Wednesday, February 22, 2012

Bored and sick: What’s a Cook to Do?



I’ve acquired some sort of flu-ish, cold-ish thing that is apparently going around. Supposedly only lasts a couple of days, but gee. Since I left work yesterday, I’ve dragged my feverish self from the sunroom sofa, to bed, to the living room sofa and back to bed. In the few moments I’m not shivering, when the ibuprofen and decongestant are working, I read cookbooks. When I feel too sick, I stare at the TV. The body is sick, but the mind is bored.

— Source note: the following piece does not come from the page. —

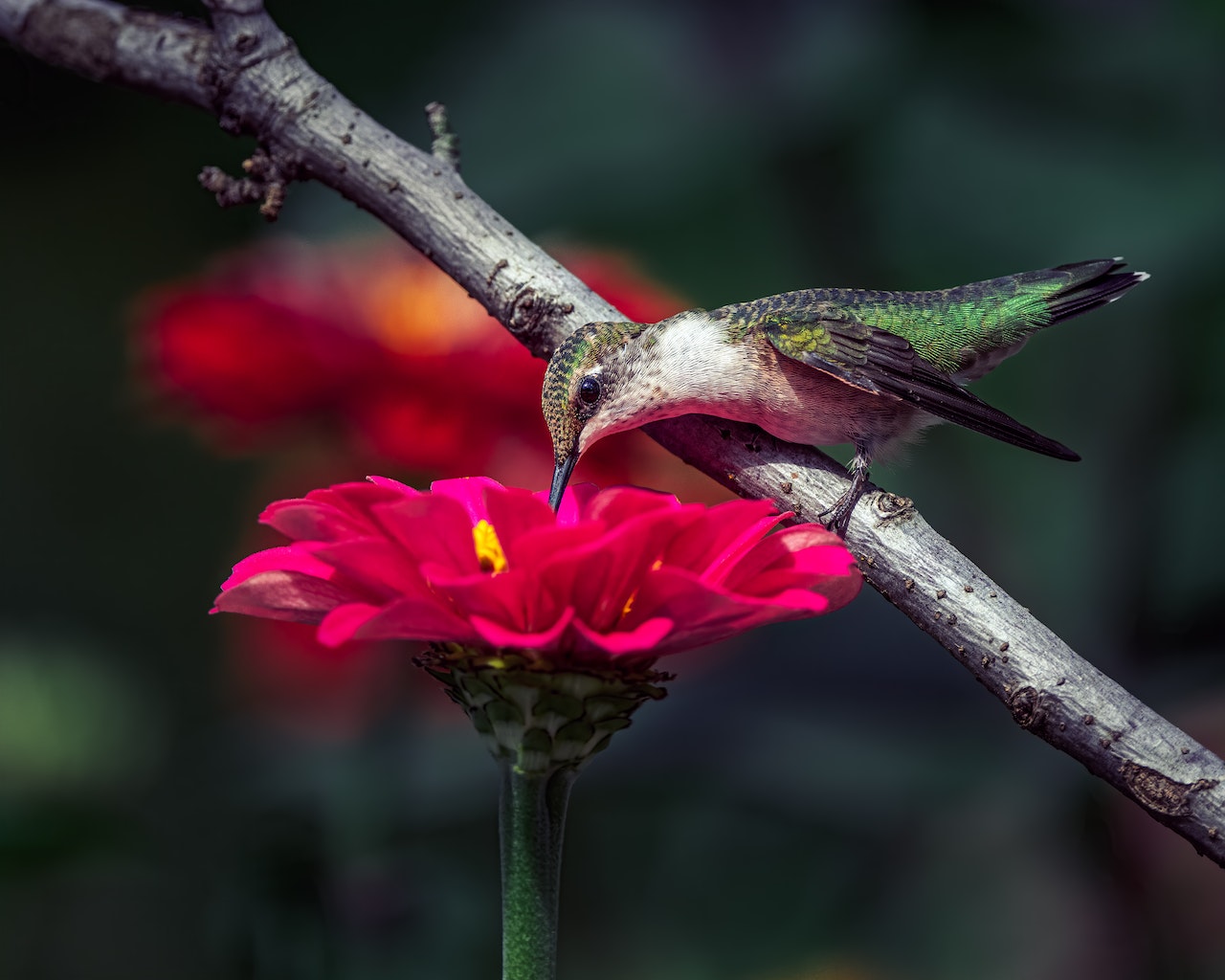 best companion flowers for garden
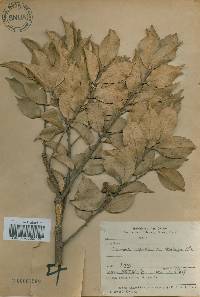 Castanopsis sieboldii image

I have a good sized stack of what I call “Seminal Cookbooks” –the ones that teach you about foods and techniques you’ve never tried, or have so many recipes you want to try, the pages bristle with post-it notes. The books in this pile of has changed over the years. I've plopped the stack right next to me with my glasses and water so I can read with out rising from the sofa. Back in the early 80’s when I first had a kitchen to myself, Fr. Robert Farrar Capon, in his book “Supper of the Lamb”, taught me how to cut up a whole chicken, and divide a whole pork shoulder into smaller roasts. Good thing for a budding cook on a limited budget. I’ve been flipping through it today, and there are recipes in there that take me back to my cooking roots. So many things in that little book that seemed so revolutionary in that time, but so common now.

While I’m not up to preparing a meal today, I’m going to eat whatever Chuck defrosts, I am going to venture back to where my preoccupation with food and cooking began. Thank you Fr. Capon, wherever you are, it’s all been good!